The combination of so many different types of IoT devices, unique management interfaces, varying network architectures, unpredictable network access and random deployments by various groups, creates the perfect storm of potentially uncontrollable risk and management inefficiencies. We have to somehow balance the need to holistically manage and secure these devices (aka potential threat vectors) without slowing the pace of innovation. Even seemingly innocuous heating, ventilation, and air conditioning (HVAC) systems and lighting that are part of building automation system (BAS) can cause risk exposure, as explained in fascinating detail in this research paper. Despite efforts to resolve at the vendor level, a myriad of the affected BAS devices tested in this research are still available online and can be exploited because they run unpatched firmware. It’s easy to understand why facilities managers may unknowingly increase security risk. This story is similar across many forms of IoT.

To address the risks these connected IoT devices pose, it’s important to come up with a strategy that will ensure every “thing” is monitored and managed to optimize both device performance health and security posture, while also dynamically embracing new IoT deployments or changes. Here are four key considerations for taming the tornado of IoT devices to embrace their benefits while reducing the headaches and harm they may cause.

  • You must see all connected things and what they’re doing on your network to reduce risk

    Visibility is the key for vast, interconnected networks with tons of devices joining at all times.. It’s important to find a solution that will discover and monitor any device, anywhere on the network and look closely at its activity, performance health and security hygiene. Equally important is the ability to see every connected “thing” and determine any deviation from the norm – without relying on endpoint agents. Whenever there’s something new or unusual happening, you should be the first to know.

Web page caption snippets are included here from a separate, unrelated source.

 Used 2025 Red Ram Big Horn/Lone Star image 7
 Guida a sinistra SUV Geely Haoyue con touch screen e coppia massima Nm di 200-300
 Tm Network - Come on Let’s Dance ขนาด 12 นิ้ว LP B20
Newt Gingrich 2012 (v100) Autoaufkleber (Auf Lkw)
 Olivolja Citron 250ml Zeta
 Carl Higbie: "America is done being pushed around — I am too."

  • You need to be able to act quickly – even across many devices simultaneously

    The aforementioned research paper exposed the fact that missing firmware patches can expose IoT devices to malware. What happens if that’s the case for thousands of devices in different network locations? Do you know where all the non-compliant IoT devices actually are on the network? Do you need to send someone to each location to apply the patches or update the firmware? Can you easily control the network access of all these risky devices until they’re remediated? Are your teams even monitoring for such issues as missing patches, out-of-date firmware or other indicators of compromise (IOCs) on IoT devices? Reducing management overhead by automating processes that both answer and respond to these questions not only benefits your information technology (IT), security and business operations, it also safely allows for new innovations. The key is to set intelligent policies that drive remediation actions automatically when anomalies or non-compliant devices are detected.

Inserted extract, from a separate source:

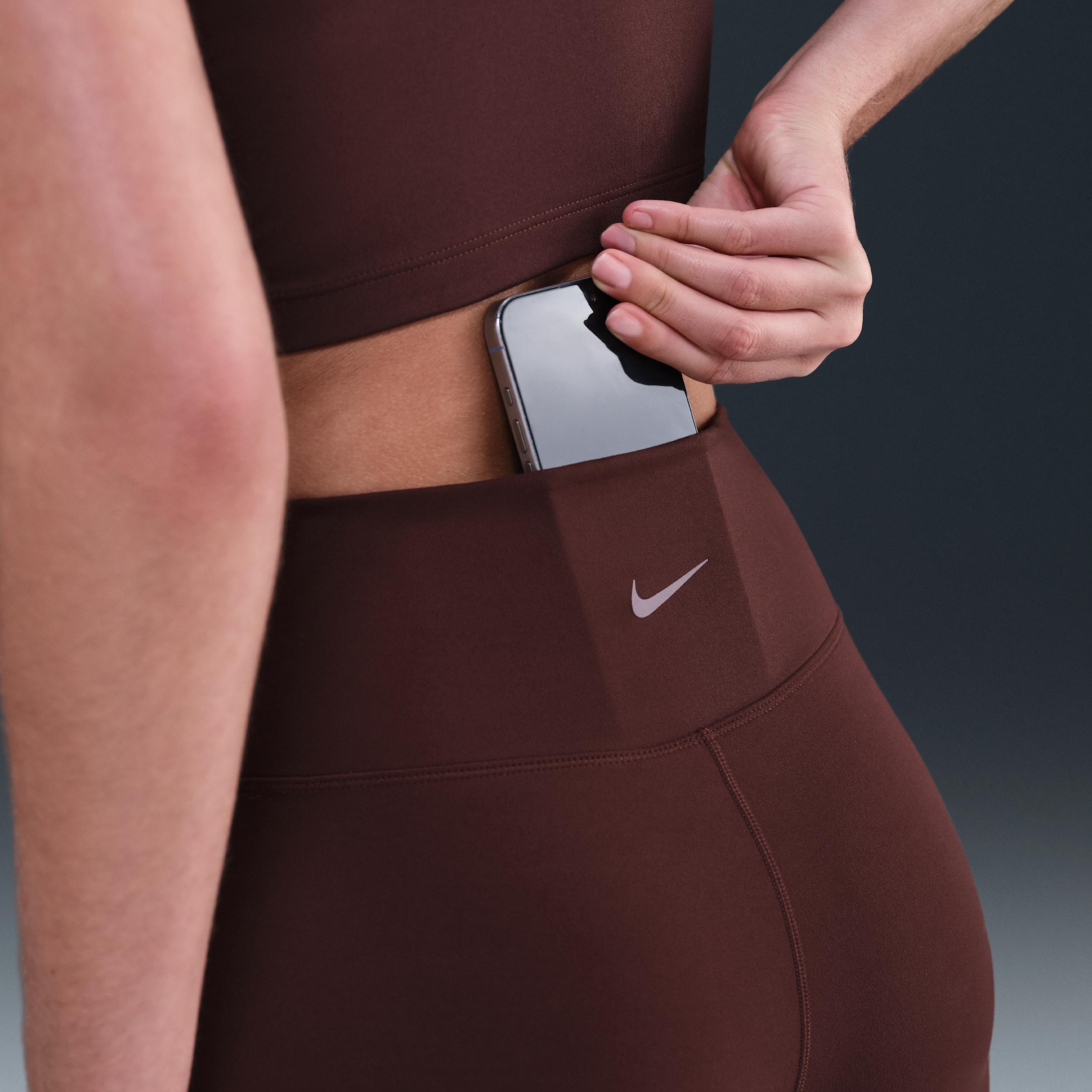 Nike Women's One High-Waisted 7/8 Leggings with Pockets Product Image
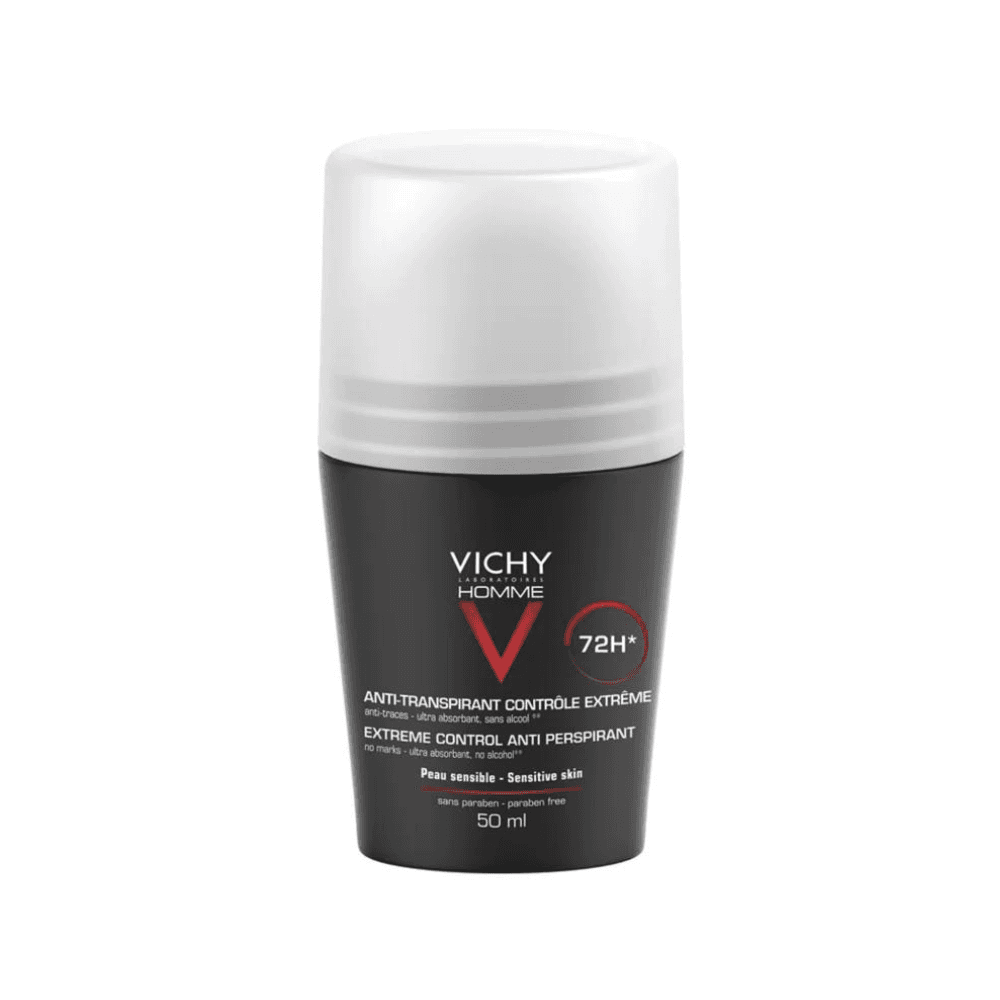 Homme Extreme Control antyperspirant w kulce 72H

  • The richer the IoT data and utilization, the greater the security, performance and innovation

    As they say, “data is king”. To manage, secure and innovate with the IoT is no exception. And we’re not just talking syslog data. You need comprehensive and cohesive contextual insight that combines multiple methods to gather: device type, classification, function, location, security profile, performance health, firmware version, etc. While point-in-time data collection may be helpful, it is not sufficient to truly combat risk. Collecting data in real time provides situational accuracy to apply policies against and address issues immediately as they arise. Continuous real-time data collected over time enables more accurate baseline setting and anomaly detection. The more contextual IoT device data you can gather, the more granular security policies you can create and the more confident you can be in automating effective policy-driven actions to more proactively mitigate and remediate risk without negatively affecting operations.

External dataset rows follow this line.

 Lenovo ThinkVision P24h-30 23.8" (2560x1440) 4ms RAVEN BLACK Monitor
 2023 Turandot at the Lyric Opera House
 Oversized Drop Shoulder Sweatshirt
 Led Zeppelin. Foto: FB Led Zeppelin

  • Consistency, agility and scalability helps safely embrace the future

    IoT devices keep coming and going and can be deployed by different departments or business units, sometimes without the IT team’s awareness. Organizations need the ability to dynamically discover, identify and continually assess devices upon connection. Also upon connection, devices should be immediately onboarded into a consistent platform to cohesively manage, monitor and secure them all at enterprise scale to reduce security gaps and management costs. Being able to automate processes including real-time device discovery, onboarding, compliance enforcement and remediation will definitely help your organization deploy new IoT innovations while simultaneously minimizing risk.

Visit Forescout in the VMware Edge™ and IoT Zone at VMworld 2019 in San Francisco Aug. 25th – 29th

It’s important to build a consistent, dynamic solution that allows you to embrace the storm of IoT innovations without increasing risk. Speaking of innovation, come visit Forescout and VMware in the VMware EdgeTM and IoT Zone (Booth #1255 right next to main VMware booth) at VMworld® 2019 to see a live demo of how we’re simplifying and securing IoT. Plus, learn more at our joint VMworld® IoT technical breakout session on August 29th at 9am. Hope to see you there!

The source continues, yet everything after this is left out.